**Try it**
Count the lines in the material below that contain the word "Hill" and give the number alone.

↓

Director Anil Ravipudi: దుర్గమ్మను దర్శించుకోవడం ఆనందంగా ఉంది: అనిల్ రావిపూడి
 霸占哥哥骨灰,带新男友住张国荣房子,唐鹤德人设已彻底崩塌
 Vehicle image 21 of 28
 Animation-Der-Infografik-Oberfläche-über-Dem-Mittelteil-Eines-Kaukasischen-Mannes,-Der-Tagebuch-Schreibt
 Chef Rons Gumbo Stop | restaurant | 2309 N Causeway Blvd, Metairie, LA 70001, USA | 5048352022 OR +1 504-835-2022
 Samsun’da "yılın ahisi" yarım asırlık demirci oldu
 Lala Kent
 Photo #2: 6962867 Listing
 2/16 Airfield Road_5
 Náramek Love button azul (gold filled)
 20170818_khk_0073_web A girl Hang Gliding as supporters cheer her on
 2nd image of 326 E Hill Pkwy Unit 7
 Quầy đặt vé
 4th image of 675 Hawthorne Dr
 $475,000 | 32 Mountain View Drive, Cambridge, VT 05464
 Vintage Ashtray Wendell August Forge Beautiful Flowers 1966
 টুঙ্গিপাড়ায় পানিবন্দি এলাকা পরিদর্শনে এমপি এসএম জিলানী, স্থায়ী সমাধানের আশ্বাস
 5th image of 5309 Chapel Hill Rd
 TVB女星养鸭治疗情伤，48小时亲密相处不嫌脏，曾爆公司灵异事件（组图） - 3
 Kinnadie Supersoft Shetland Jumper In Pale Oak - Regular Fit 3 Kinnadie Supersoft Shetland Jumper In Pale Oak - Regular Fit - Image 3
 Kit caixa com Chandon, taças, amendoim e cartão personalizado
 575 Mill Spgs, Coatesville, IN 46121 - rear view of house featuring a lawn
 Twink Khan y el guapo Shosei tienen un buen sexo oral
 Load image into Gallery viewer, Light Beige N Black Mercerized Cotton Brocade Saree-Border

↑

**Answer box**
2